### REQUIREMENT
Pictures do not belong in the copy; restate the records below word for word.

### DATASET EXCERPTS

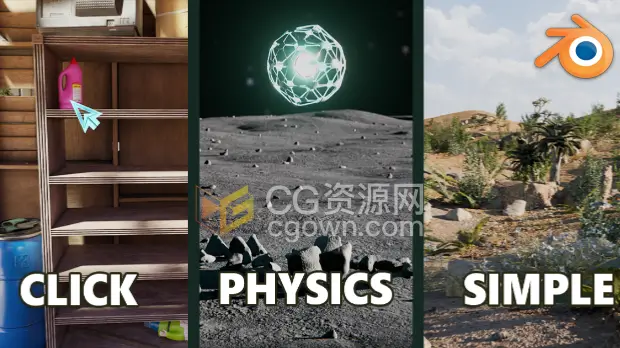 Blender插件Scatter By Kiri Engine V1.0.0免费散射散布工具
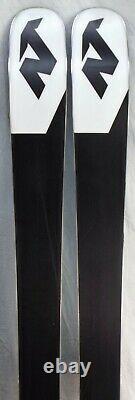 20-21 Nordica Santa Ana 88 Used Women's Demo Skis withBindings Size 172cm #347086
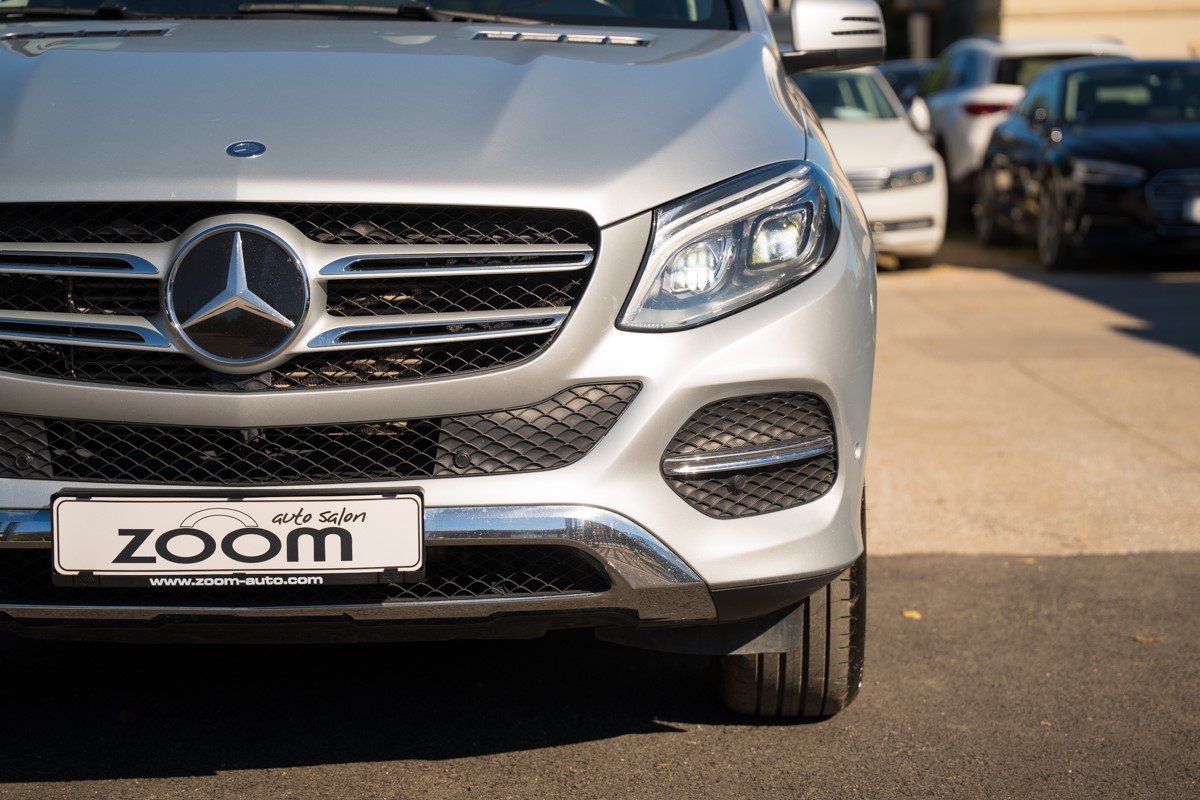 Mercedes-Benz GLE 350 D 4MATIC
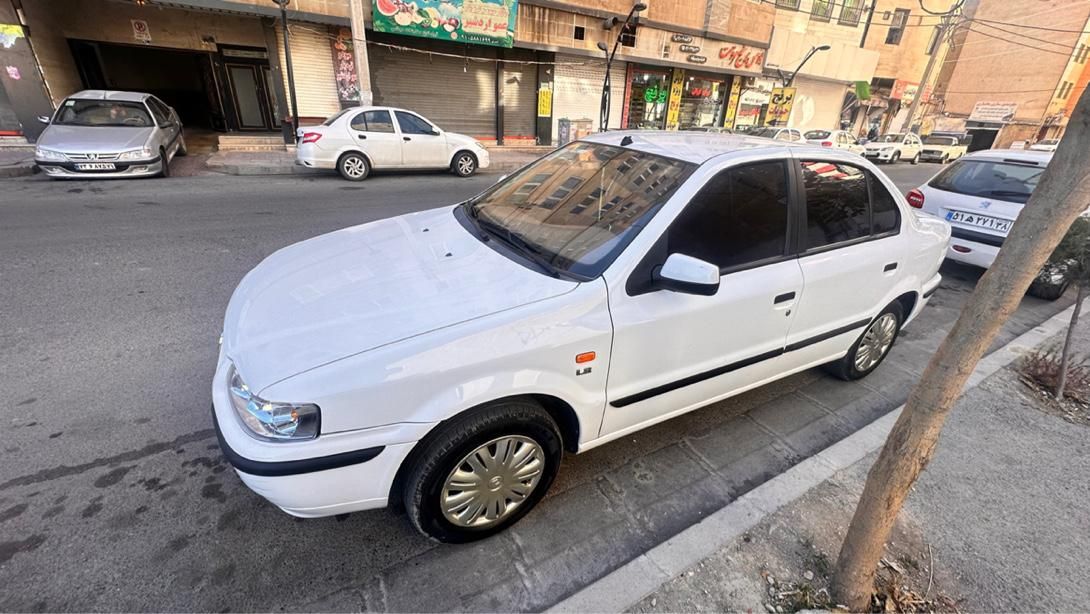 سمند LX XU7 - 1398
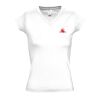 SOLS Womens Moon V Nk Embroidered T-Shirt Thumbnail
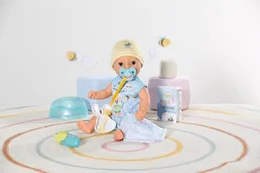 בובת תינוק בייבי בורן אינטראקטיבי 36 ס"מ - לוקאס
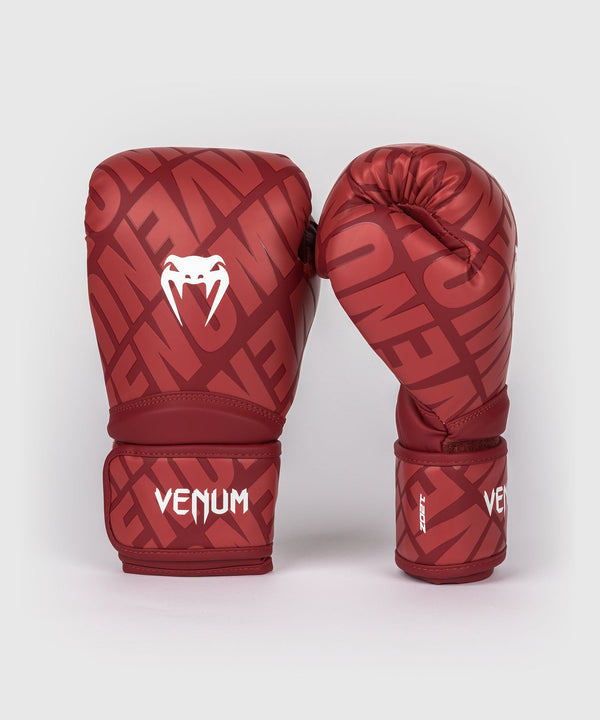Venum Boxing gloves Contender 1.5 XT 3D – Cherry Red/White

### SOLUTION BELOW
 Blender插件Scatter By Kiri Engine V1.0.0免费散射散布工具
 20-21 Nordica Santa Ana 88 Used Women's Demo Skis withBindings Size 172cm #347086
 Mercedes-Benz GLE 350 D 4MATIC
 سمند LX XU7 - 1398
 SOLS Womens Moon V Nk Embroidered T-Shirt Thumbnail
 בובת תינוק בייבי בורן אינטראקטיבי 36 ס"מ - לוקאס
Venum Boxing gloves Contender 1.5 XT 3D – Cherry Red/White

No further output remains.